Task objective:
Each line from the one containing "11910 Steppingstone Lane - Photo Thumbnail 8" to the end of the entries below is to be set down exactly; the pictures are not.

Given entries:
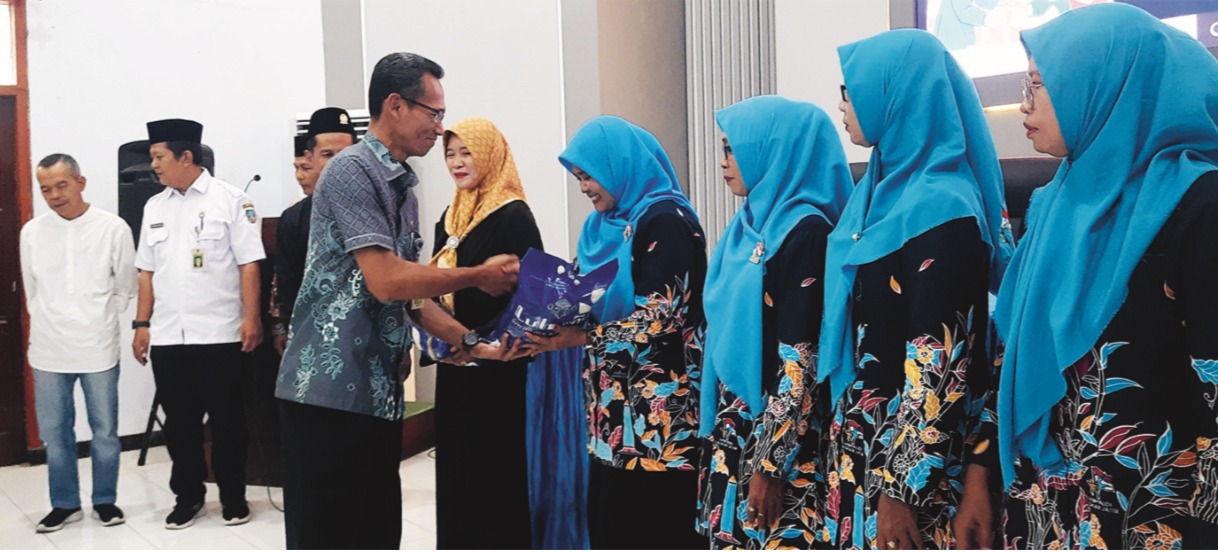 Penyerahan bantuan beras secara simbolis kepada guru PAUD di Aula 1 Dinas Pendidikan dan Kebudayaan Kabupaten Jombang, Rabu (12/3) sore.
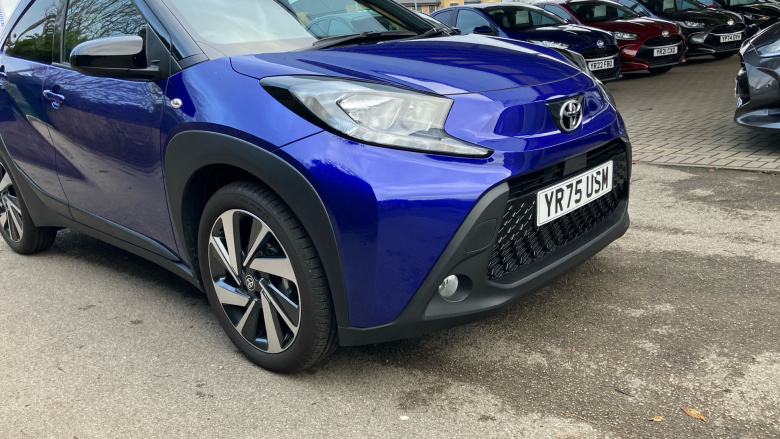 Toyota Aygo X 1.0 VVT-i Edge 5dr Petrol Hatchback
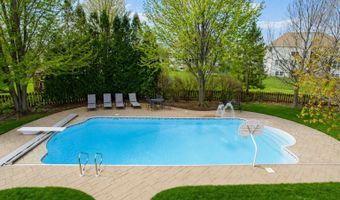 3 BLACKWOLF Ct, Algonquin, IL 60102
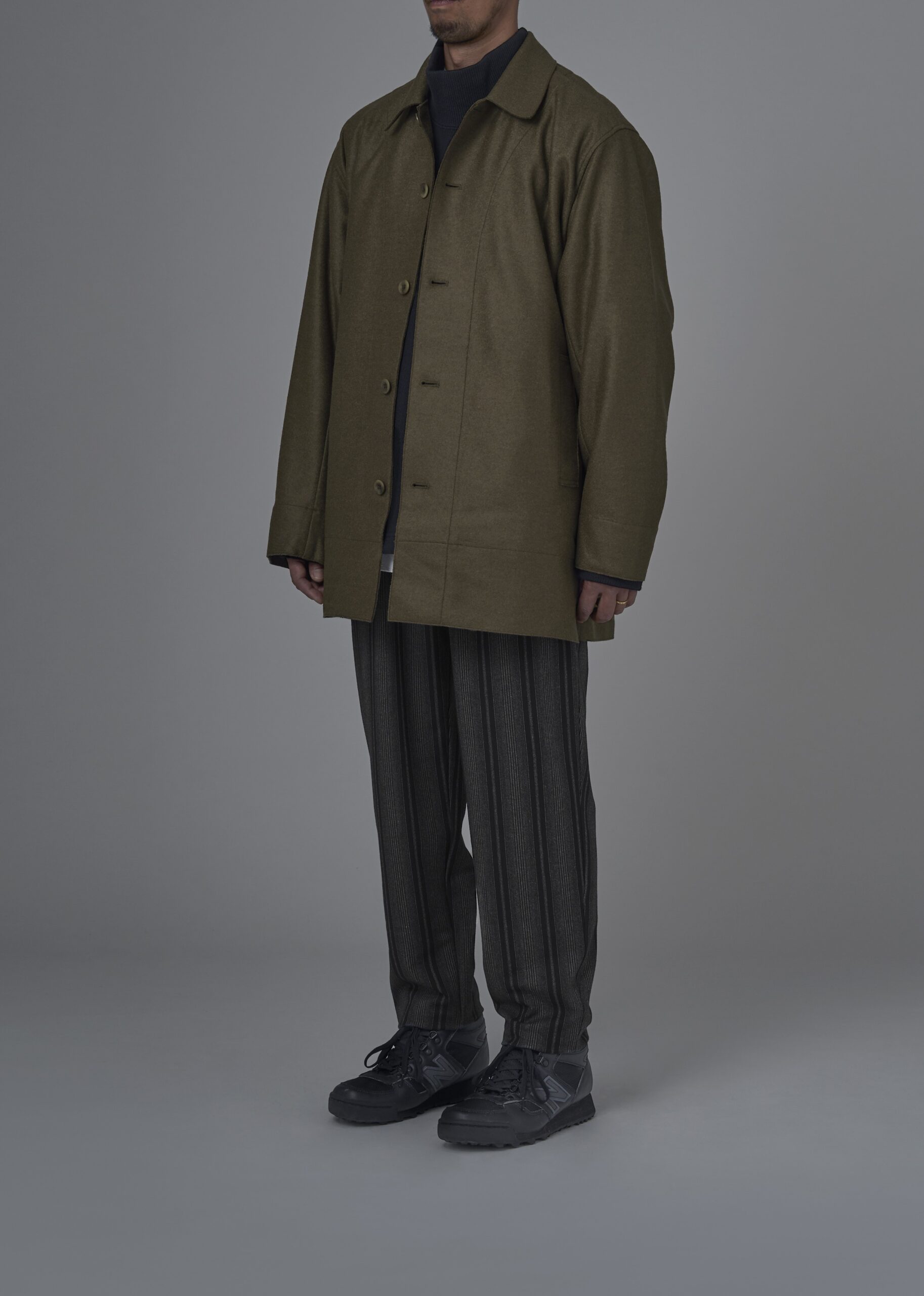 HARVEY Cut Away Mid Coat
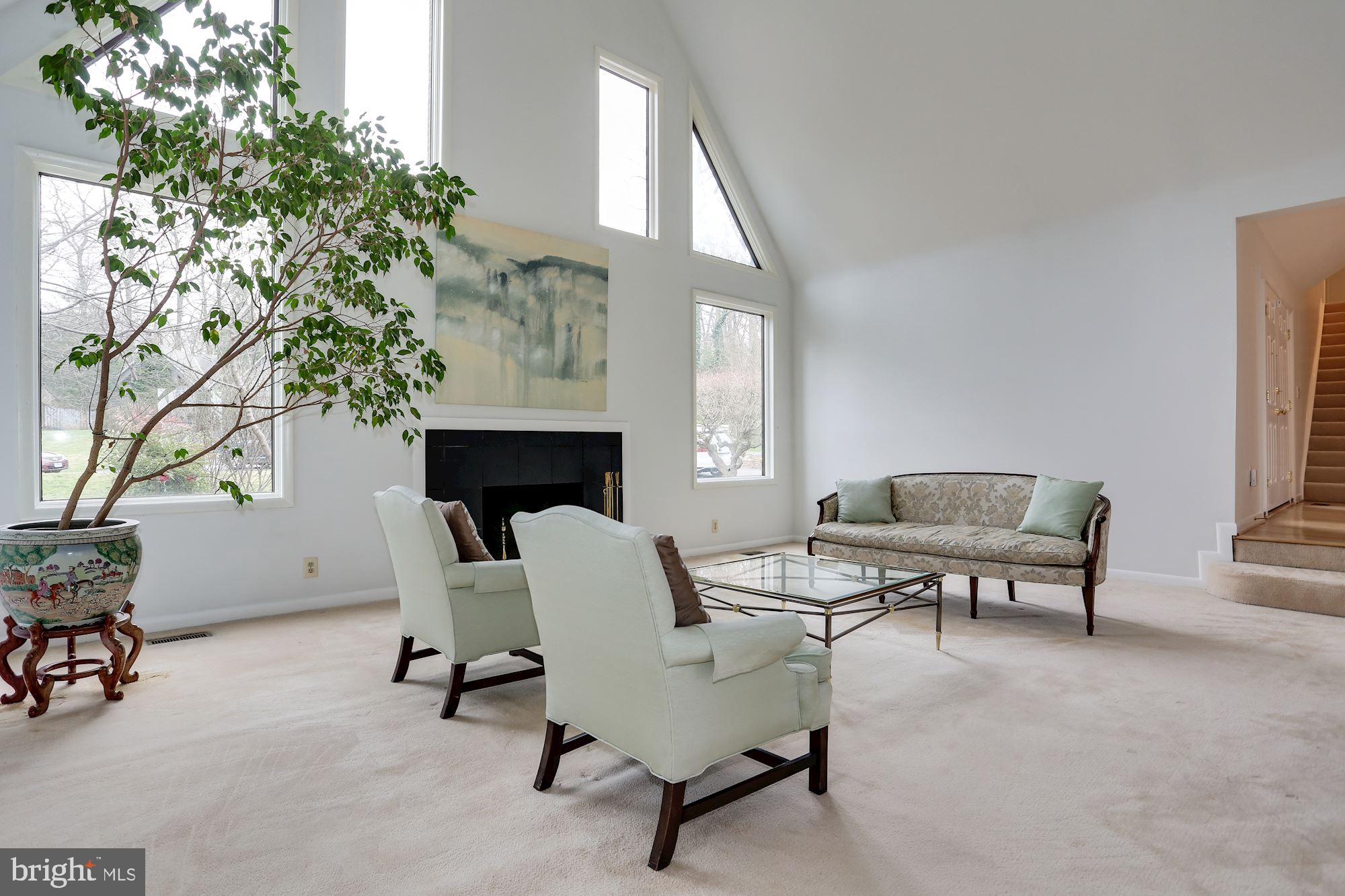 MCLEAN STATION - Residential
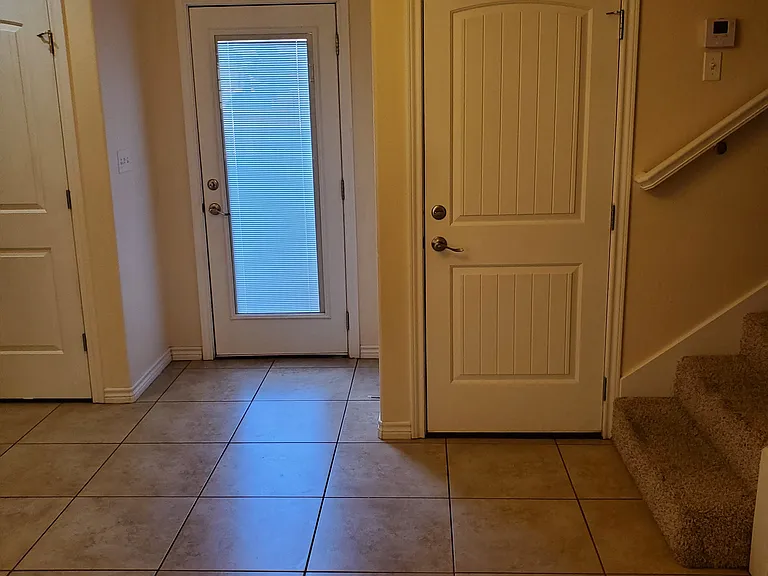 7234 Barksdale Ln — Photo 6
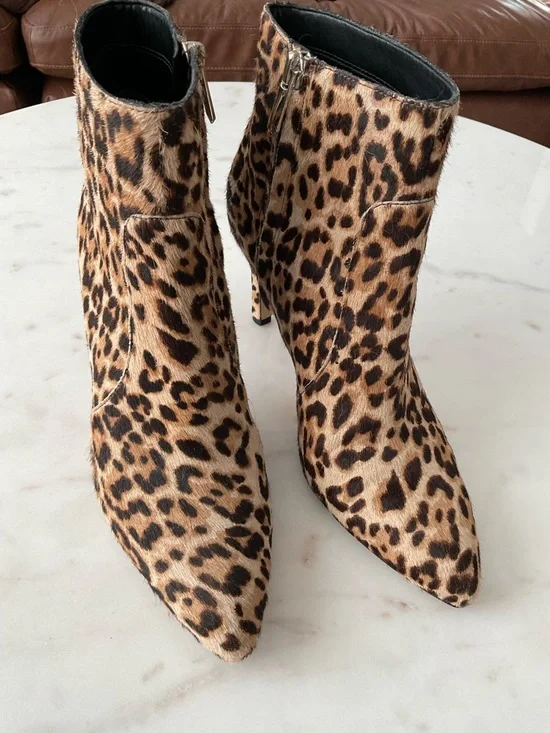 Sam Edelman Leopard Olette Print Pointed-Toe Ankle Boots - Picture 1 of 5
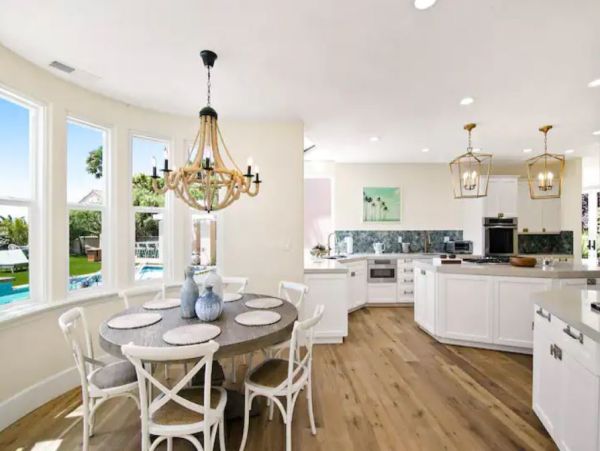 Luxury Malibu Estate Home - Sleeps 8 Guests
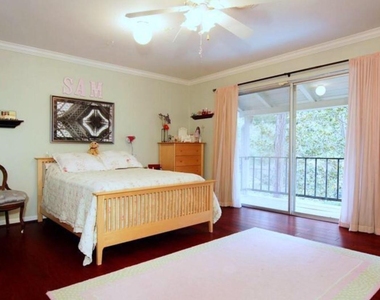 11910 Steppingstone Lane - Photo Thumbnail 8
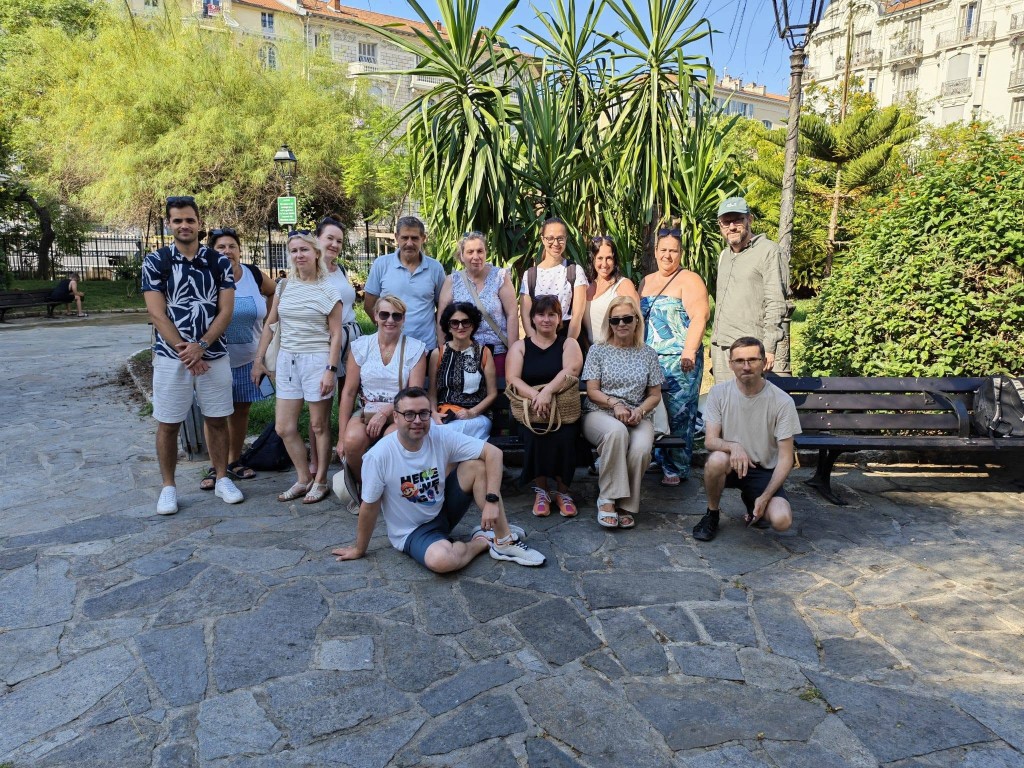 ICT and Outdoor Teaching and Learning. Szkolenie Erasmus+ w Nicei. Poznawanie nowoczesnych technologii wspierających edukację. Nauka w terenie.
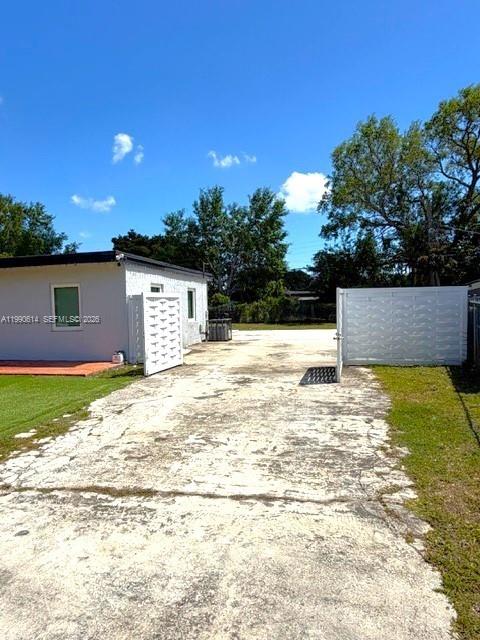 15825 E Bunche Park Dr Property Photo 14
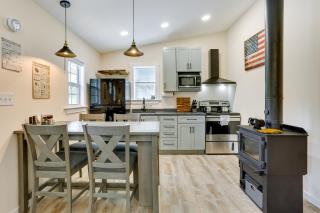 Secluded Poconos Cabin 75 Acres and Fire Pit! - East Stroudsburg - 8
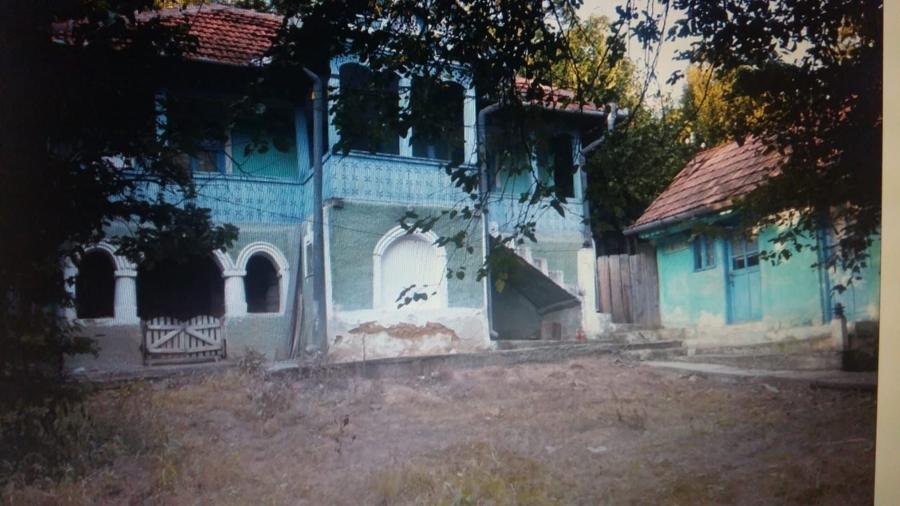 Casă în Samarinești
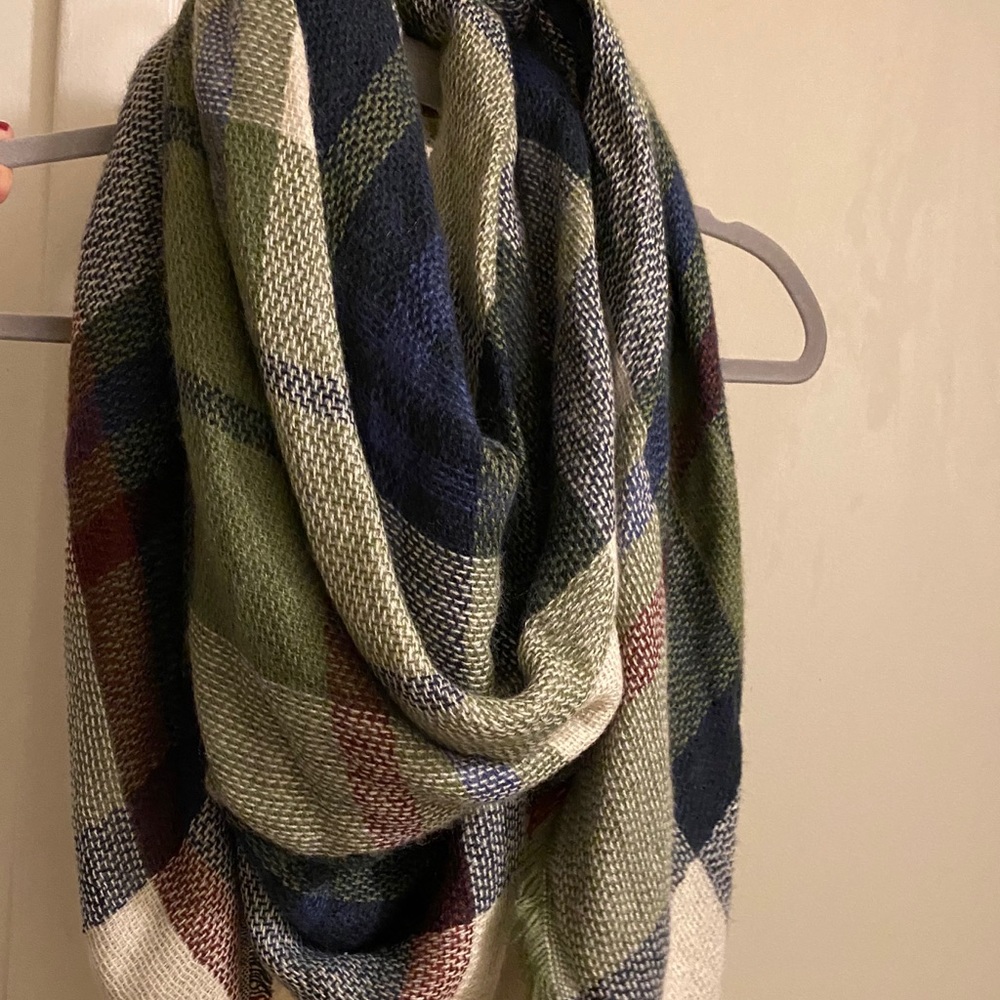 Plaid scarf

Result of the task:
 11910 Steppingstone Lane - Photo Thumbnail 8
 ICT and Outdoor Teaching and Learning. Szkolenie Erasmus+ w Nicei. Poznawanie nowoczesnych technologii wspierających edukację. Nauka w terenie.
 15825 E Bunche Park Dr Property Photo 14
 Secluded Poconos Cabin 75 Acres and Fire Pit! - East Stroudsburg - 8
 Casă în Samarinești
 Plaid scarf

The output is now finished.